Web page caption snippets
● ● ●
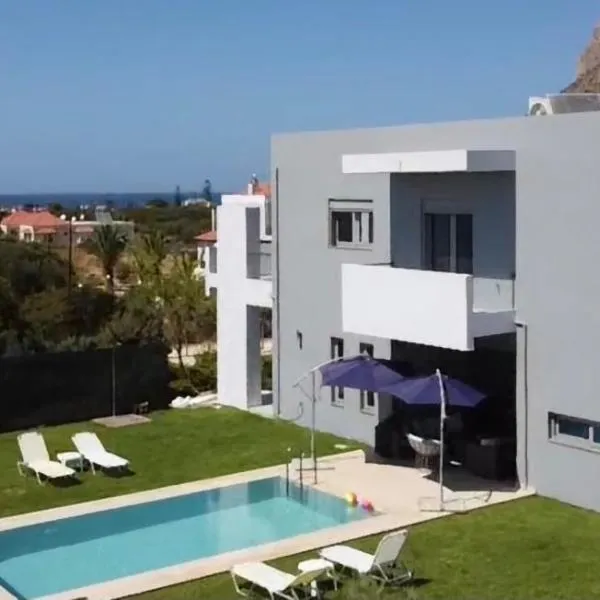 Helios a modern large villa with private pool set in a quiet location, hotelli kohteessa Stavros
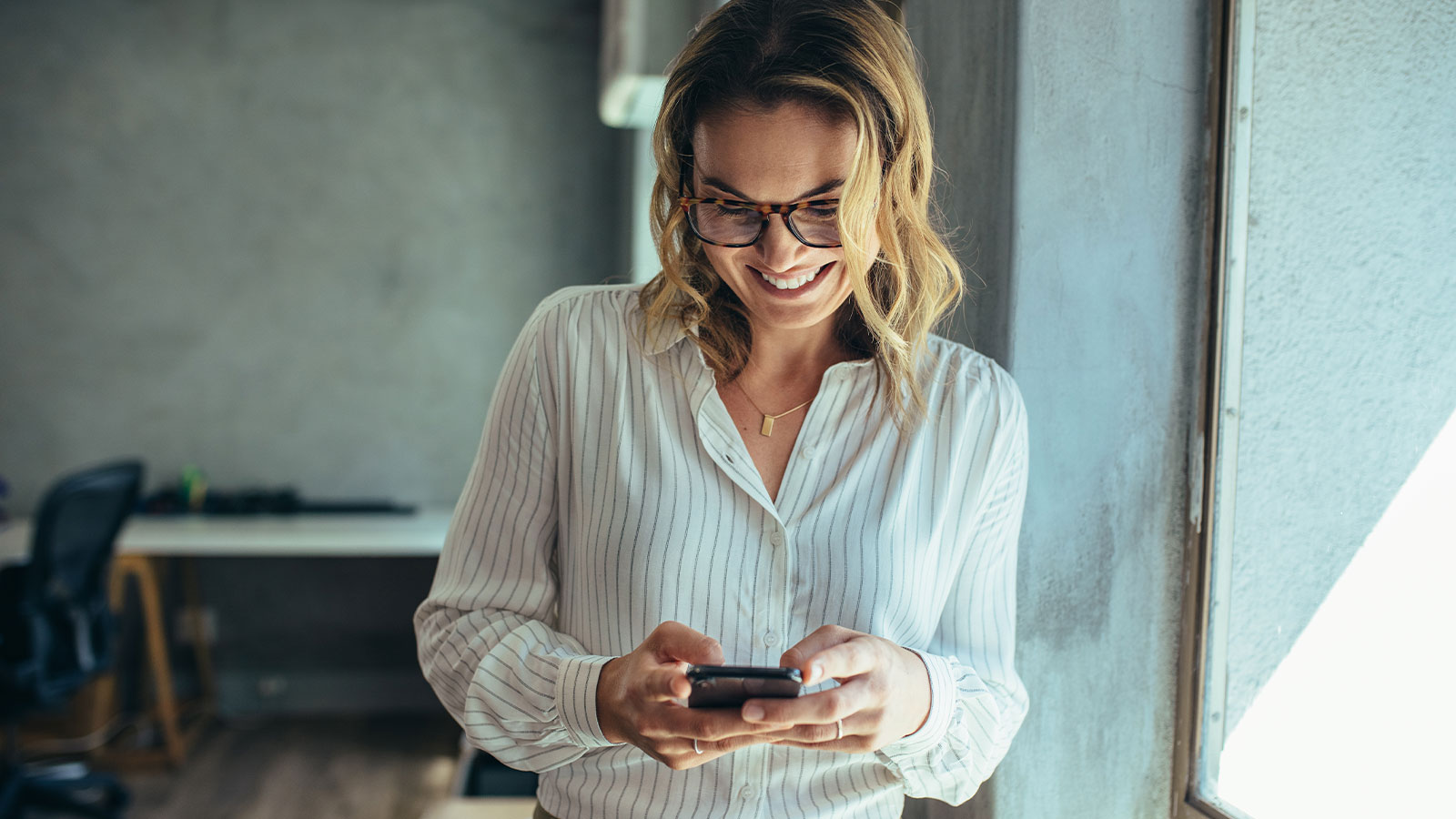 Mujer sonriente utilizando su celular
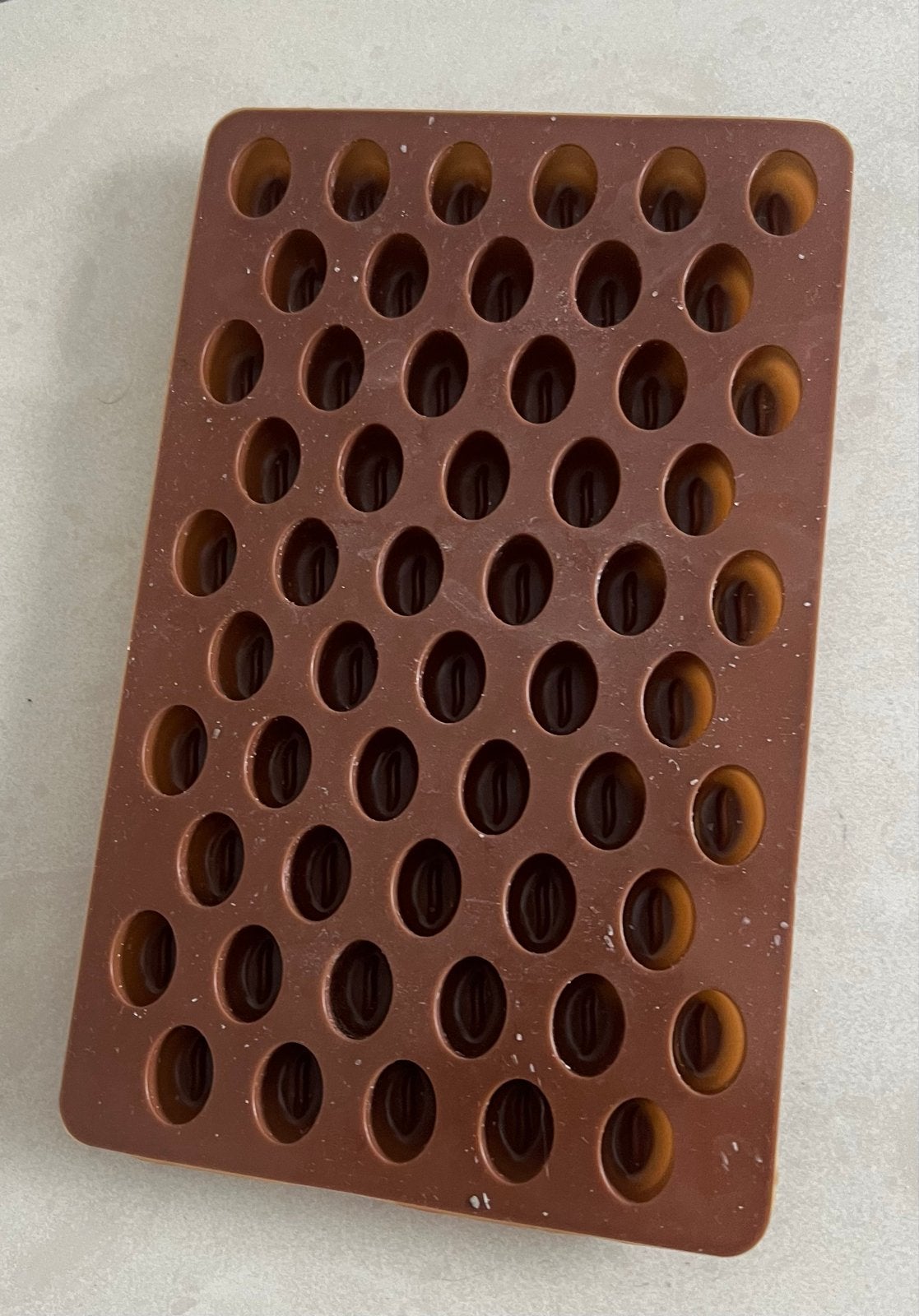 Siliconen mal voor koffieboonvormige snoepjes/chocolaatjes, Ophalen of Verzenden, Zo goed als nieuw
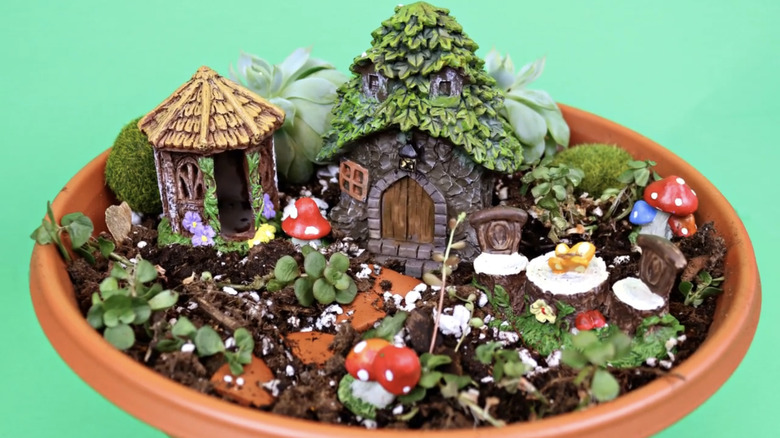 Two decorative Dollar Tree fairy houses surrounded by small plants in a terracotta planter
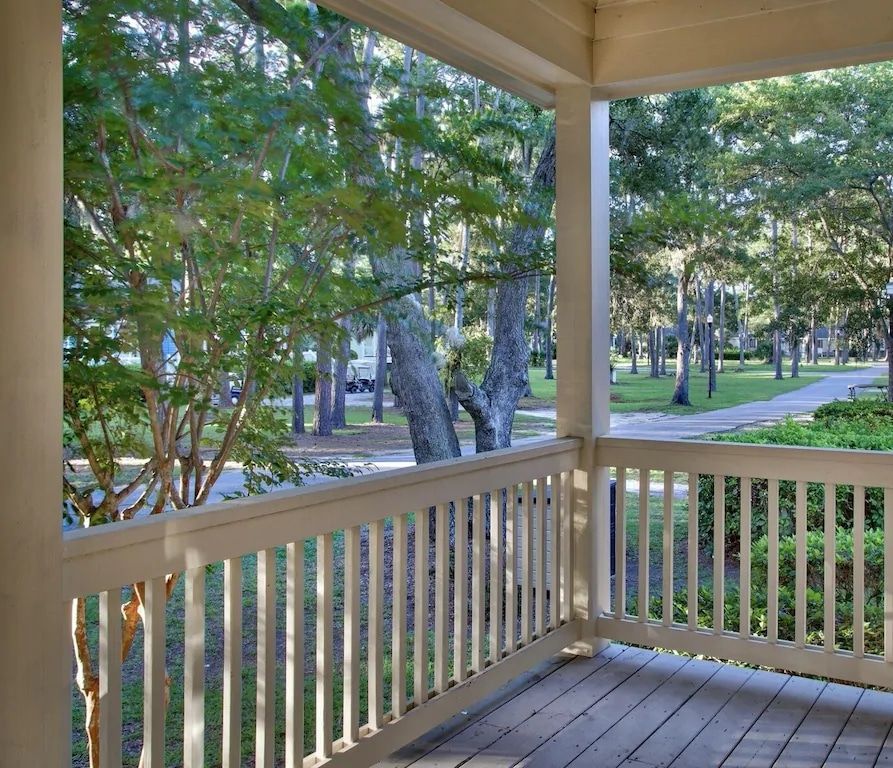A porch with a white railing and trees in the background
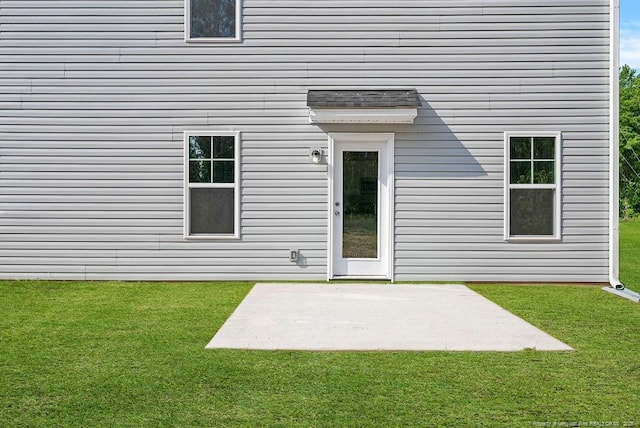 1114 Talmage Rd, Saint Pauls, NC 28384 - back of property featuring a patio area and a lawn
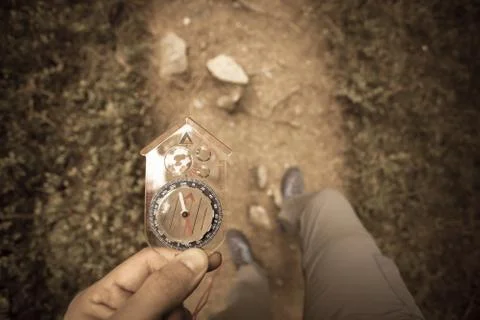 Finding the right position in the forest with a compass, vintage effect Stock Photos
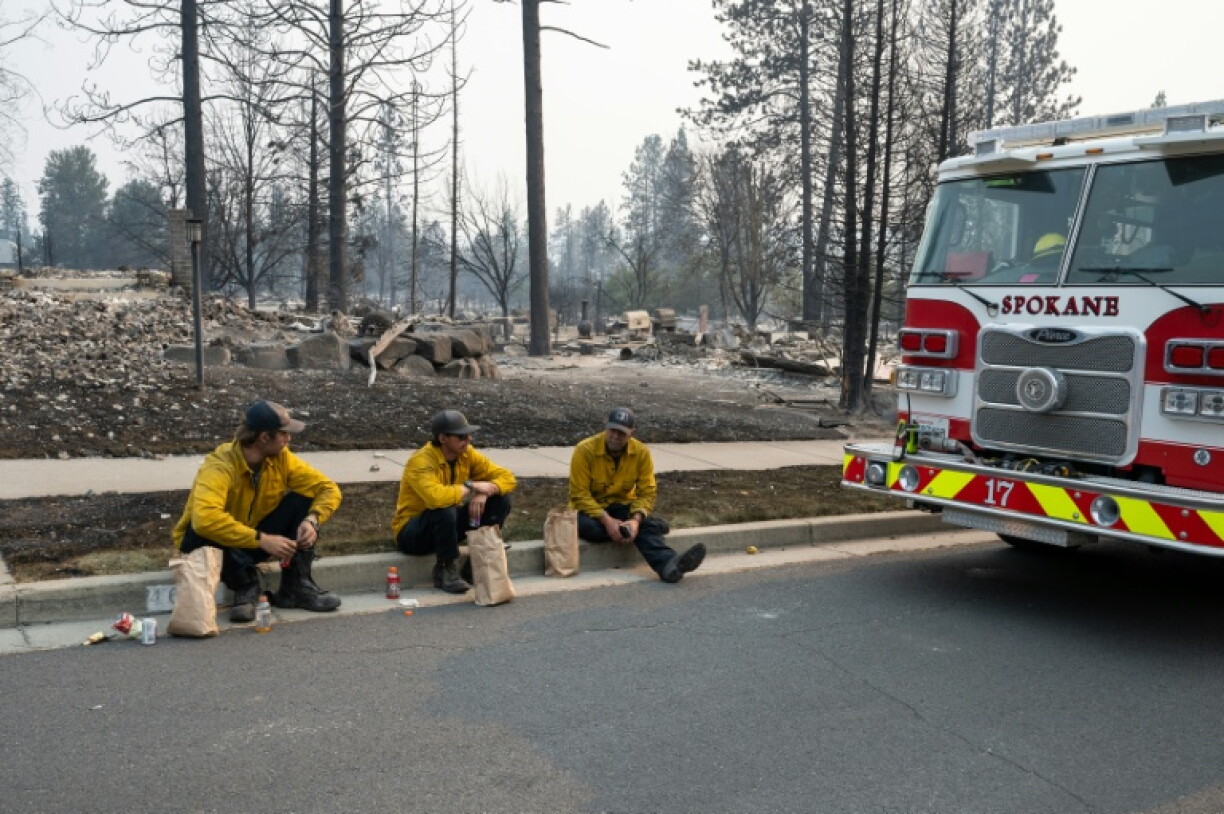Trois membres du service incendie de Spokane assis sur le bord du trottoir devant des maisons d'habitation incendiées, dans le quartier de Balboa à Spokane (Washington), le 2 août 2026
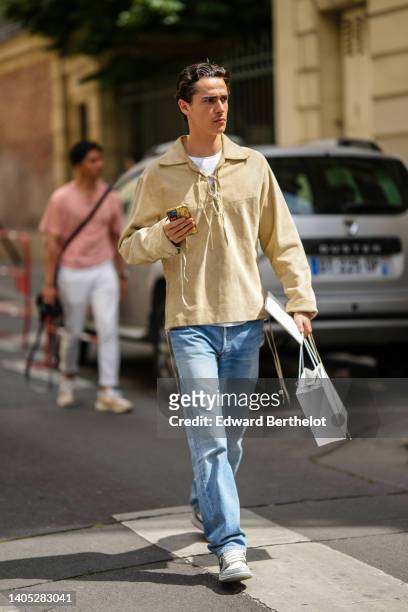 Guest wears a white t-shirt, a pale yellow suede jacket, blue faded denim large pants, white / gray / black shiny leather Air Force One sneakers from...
● ● ●
◆ WHAT YOU WILL DO
Restate every record above word for word, without images.

◆ WRITTEN ANSWER
 Helios a modern large villa with private pool set in a quiet location, hotelli kohteessa Stavros
 Mujer sonriente utilizando su celular
 Siliconen mal voor koffieboonvormige snoepjes/chocolaatjes, Ophalen of Verzenden, Zo goed als nieuw
 Two decorative Dollar Tree fairy houses surrounded by small plants in a terracotta planter
A porch with a white railing and trees in the background
 1114 Talmage Rd, Saint Pauls, NC 28384 - back of property featuring a patio area and a lawn
 Finding the right position in the forest with a compass, vintage effect Stock Photos
Trois membres du service incendie de Spokane assis sur le bord du trottoir devant des maisons d'habitation incendiées, dans le quartier de Balboa à Spokane (Washington), le 2 août 2026
 Guest wears a white t-shirt, a pale yellow suede jacket, blue faded denim large pants, white / gray / black shiny leather Air Force One sneakers from...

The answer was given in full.